So on some level, it's fitting their first pro game -- one that won't have fans, won't count in standings and will likely be long forgotten in a few days -- will pit them against one another. Rose's Chicago Bulls face Beasley's Miami Heat on Monday, one of three games that will open the Orlando summer league's weeklong schedule.
For a meaningless matchup, there's an abundance of big-game hype.
And it almost seems like neither 19-year-old can truly understand why.
"I didn't even know we're playing Miami first," Rose said. "I'm not going to be checking him."
"If you want to make it a Mike Beasley and Derrick Rose show, go ahead," Beasley said. "But that's not how it's going to be."
Rose, the No. 1 selection in last month's draft who led Memphis to the NCAA title game, will be running the Bulls offense from the point guard spot. Beasley, the No. 2 choice by Miami after averaging better than 26 points and 12 rebounds in his lone season at Kansas State, will be posting up against the likes of Chicago big men Joakim Noah and Tyrus Thomas.
They won't guard one other and, outside of a pregame handshake or some idle chitchat during stoppages of play, probably won't interact much at all.
"I don't feel that every time you mention Derrick Rose's name, you've got to mention mine, or vice versa," Beasley said. "If people want to, they can. But I've got my career to look after. He's got his."

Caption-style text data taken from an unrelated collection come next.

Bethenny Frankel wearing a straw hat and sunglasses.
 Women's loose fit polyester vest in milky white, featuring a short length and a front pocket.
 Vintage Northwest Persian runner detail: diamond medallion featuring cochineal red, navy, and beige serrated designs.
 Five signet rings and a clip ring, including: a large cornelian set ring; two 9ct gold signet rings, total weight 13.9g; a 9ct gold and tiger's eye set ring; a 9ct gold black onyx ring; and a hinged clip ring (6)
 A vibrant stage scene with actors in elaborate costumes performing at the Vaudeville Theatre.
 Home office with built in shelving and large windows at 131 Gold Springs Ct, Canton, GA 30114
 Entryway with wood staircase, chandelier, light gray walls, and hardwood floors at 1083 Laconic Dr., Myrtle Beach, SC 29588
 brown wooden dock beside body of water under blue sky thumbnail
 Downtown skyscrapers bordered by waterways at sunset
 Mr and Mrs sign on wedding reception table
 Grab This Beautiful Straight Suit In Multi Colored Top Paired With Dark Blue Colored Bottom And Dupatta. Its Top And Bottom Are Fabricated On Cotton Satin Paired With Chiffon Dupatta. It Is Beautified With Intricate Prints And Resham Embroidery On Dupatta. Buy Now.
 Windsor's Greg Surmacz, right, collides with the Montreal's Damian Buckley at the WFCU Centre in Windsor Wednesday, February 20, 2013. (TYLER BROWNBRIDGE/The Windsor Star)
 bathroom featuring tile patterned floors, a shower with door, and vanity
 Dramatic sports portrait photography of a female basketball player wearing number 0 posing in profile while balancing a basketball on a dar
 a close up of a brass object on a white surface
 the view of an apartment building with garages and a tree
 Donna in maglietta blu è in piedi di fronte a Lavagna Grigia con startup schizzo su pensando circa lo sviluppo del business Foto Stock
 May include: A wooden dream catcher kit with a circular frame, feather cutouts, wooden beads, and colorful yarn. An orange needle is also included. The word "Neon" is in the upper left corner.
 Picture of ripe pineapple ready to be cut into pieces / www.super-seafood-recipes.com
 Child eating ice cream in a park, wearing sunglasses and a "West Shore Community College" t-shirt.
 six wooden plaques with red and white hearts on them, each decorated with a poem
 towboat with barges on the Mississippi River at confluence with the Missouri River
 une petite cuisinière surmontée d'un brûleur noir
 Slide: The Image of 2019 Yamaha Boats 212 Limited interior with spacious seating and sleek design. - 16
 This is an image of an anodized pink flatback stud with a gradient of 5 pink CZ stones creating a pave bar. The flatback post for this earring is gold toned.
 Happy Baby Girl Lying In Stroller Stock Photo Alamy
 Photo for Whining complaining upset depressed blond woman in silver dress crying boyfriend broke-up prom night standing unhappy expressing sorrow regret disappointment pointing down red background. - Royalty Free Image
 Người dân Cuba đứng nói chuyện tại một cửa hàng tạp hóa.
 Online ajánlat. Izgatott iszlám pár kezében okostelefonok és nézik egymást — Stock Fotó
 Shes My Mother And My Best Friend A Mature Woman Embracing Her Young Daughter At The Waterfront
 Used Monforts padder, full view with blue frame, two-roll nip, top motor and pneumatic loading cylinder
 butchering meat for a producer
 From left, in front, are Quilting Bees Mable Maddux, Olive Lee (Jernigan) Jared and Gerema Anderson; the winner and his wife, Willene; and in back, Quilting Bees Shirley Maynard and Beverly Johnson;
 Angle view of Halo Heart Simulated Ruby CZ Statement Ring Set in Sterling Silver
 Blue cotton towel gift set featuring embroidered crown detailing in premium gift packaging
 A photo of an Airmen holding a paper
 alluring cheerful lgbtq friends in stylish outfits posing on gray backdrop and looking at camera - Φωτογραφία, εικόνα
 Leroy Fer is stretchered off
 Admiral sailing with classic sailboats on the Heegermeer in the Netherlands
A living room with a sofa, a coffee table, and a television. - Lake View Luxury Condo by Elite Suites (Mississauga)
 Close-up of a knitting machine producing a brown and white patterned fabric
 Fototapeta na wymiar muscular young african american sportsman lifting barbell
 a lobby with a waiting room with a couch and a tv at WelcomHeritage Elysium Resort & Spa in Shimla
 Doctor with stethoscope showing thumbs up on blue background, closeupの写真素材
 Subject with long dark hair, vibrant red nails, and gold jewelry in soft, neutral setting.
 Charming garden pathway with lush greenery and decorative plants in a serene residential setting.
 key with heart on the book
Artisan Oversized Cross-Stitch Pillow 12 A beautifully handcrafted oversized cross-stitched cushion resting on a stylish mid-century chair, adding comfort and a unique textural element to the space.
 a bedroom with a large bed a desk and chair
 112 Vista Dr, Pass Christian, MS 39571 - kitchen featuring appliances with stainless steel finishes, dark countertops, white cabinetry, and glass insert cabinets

Teams will play five games in five days at the summer league, which also features Indiana, Oklahoma City, New Jersey and Orlando, with each squad playing all the others once. Most of the players are either rookies or second-year pros, most of them simply fighting for jobs in the NBA this coming season.
Beasley and Rose don't have to worry on that front.
That doesn't mean they enter this week with no concerns, however.
Rose has spent the past few days battling tendinitis in his right knee, something that he dealt with at times during his lone season at Memphis. And Beasley missed some summer-league practices with the Heat after suffering a slightly cracked sternum during a defensive drill 45 minutes into the team's first workout.
He will play in Orlando wearing a specially built pad to protect his breastbone, a device that Heat trainer Jay Sabol cobbled together.
"I'm going to play until my chest caves in," Beasley said. "I feel it in everything I do, but I'm not going to be soft about it. I'm not going to baby it."
The Heat have been assured that there is no additional risk in putting Beasley on the floor this week. He'll feel some pain, and will certainly be tested by opponents who may try to put an extra shoulder or elbow into his chest because they know he's ailing, but Miami's medical staff believes there's no chance of the injury turning into a long-term area of concern.
"He's cleared. He's ready to go and he's eager," Heat coach Erik Spoelstra said. "We've consulted with the doctors and they say it's fine. So, he feels fine. We have a lot of protection out there. ... We feel very comfortable about it."
Spoelstra won't be coaching Miami's summer-league entry; that job goes to longtime Heat assistant Keith Askins.
Instead, Spoelstra's job will be evaluating the entire Heat roster from the bleachers, and he doesn't sound like someone who'll demand immediate dominance from Beasley, either.
"I think it's more important that he gets an understanding of what our system is," Spoelstra said. "He's going to be playing against NBA guys soon enough and that's a great opportunity on Monday to play against Chicago's front line. And they have experience. It'll be a great challenge for him. But this opportunity for us is to help him learn our system, get accustomed to how we do things."
Beasley said he just wants to play, whether it's against Rose or not.
"I'm pretty anxious. I haven't been real competitive since the [NCAA] tournament," Beasley said. "So it's going to be fun, man, to beat up on some other guys for a change."